Thiazinogeldanamycin, a New Geldanamycin Derivative Produced by Streptomyces hygroscopicus 17997
( Si Yang Ni ),( Lin Zhuan Wu ),( Hong Yuan Wang ),( Mao Luo Gan ),( Yu Cheng Wang ),( Wei Qing He ),( Yi Guang Wang ) 한국미생물 · 생명공학회 2011 Journal of microbiology and biotechnology Vol.21 No.6
A new geldanamycin (GDM) derivative was discovered and isolated from the fermentation broth of Streptomyces hygroscopicus 17997. Its chemical structure was elucidated as thiazinogeldanamycin by LC-MS, sulfur analysis, and NMR. The addition of cysteine to the fermentation medium significantly stimulated the production level of thiazinogeldanamycin, suggesting cysteine as a precursor of thiazinogeldanamycin production.

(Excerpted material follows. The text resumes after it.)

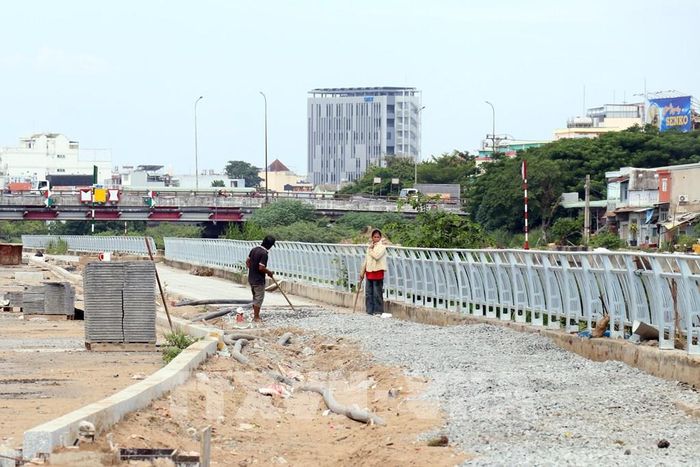 Nhiều dự án cải tạo hạ tầng kênh, rạch được TP. Hồ Chí Minh triển khai nhằm chỉnh trang đô thị. Ảnh: Tiến Lực - TTXVN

Although showing a decreased cytotoxicity against HepG2 cancer cells, thiazinogeldanamycin exhibited an improved water solubility and photostability. Thiazinogeldanamycin may represent the first natural GDM derivative characterized so far that uses GDM as its precursor. Its appearance also clearly indicates that an appropriate end-point of fermentation is of critical importance for the maximal production of GDM by Streptomyces hygroscopicus 17997.